• Swings to fourth quarter loss of $23.7m from a profit of $1.4m
  • Net sales up 11.2% to $378.6m from $340.6m
  • Dave Powers to succeed Angel Martinez as CEO

Lingering headwinds including unseasonably warm weather have promped Ugg boot owner Deckers Brands to book a softer-than expected full-year and first-quarter outlook – as the apparel and footwear group also announced the retirement of its CEO.

The forecast came as the firm, which also owns the Teva, Hoka One One and Sanuk brands, said that it swung to a fourth quarter loss of  $23.7m from a profit of $1.4m a year earlier.

This was despite net sales in the three months to 31 March increasing 11.2% to $378.6m from $340.6m.
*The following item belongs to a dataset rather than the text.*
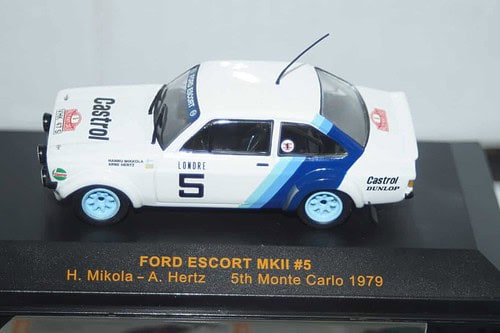 Ixo ford escort mk2 monte carlo #5 1979 h.mikola rac009 1:43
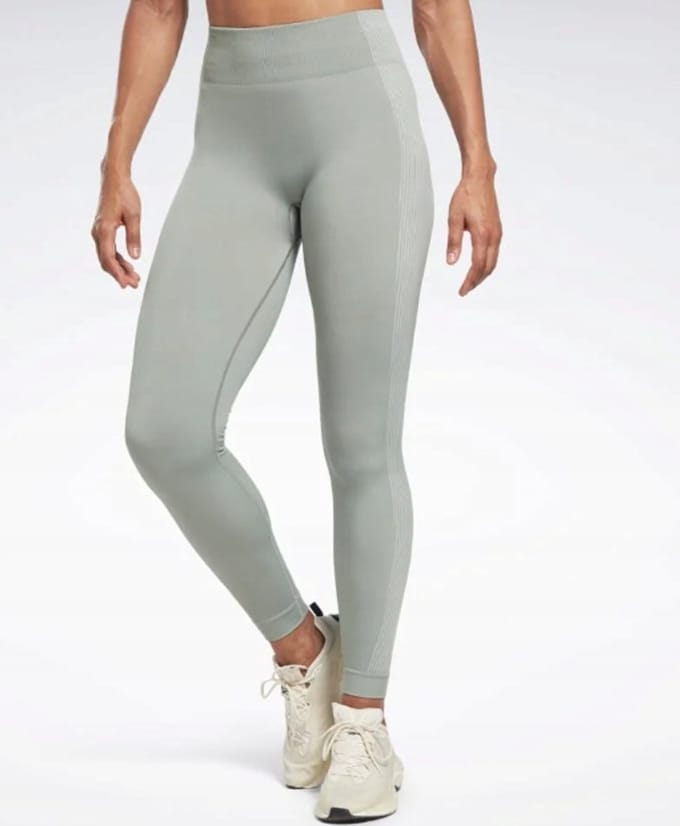 Reebok Serie - Sportlegging - Groen - Dames - Lange Lengte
Ugg brand sales increased 13.3% to $245.6m, Teva rose 11.3% to $59.1m, Sanuk fell 1.9% to $38.5m, and other brands were up 12.4% to $35.4m.

Gross margin in the quarter declined to 40.9% compared to 44.7% for the same period last year, with the company blaming a higher proportion of closeouts, promotions and foreign exchange headwinds from the strengthening US dollar.

"Looking back on the year, our performance was challenged by record warm weather across the globe and store traffic declines across retail," said CEO Angel Martinez, adding that " these issues have created lingering headwinds for the industry."

For the full-year, net income tumbled 25% to $122m, from $162m the year before, with gross margin slipping 45.2% from 48.3% last year as lower input costs were offset by promotions, higher closeout sales and foreign exchange headwinds from the strengthening of the US dollar.

Net sales increased 3.2% to a record $1.875bn, up from $1.817bn last year.

Unseasonably warm weather also left Deckers with elevated inventory levels, led by 31% increase at the Ugg brand and a 21.4% rise at Teva.

Looking ahead to fiscal 2017, the company said it expects sales to range from flat to a 3% decline, with earnings per share in the range of $4.05 to $4.40.

It also expects first quarter net sales to be down 20-25%, with loss per share of $2.10 to $2.20 compared to a loss of $1.43 per share a year earlier. The decline in sales is primarily due to the timing of order shipments between quarters, the company said.

Separately, Deckers Brands said Dave Powers will succeed Angel Martinez as chief executive officer following Martinez's retirement at the end of this month. Martinez will continue to serve as chairman of the company's board of directors.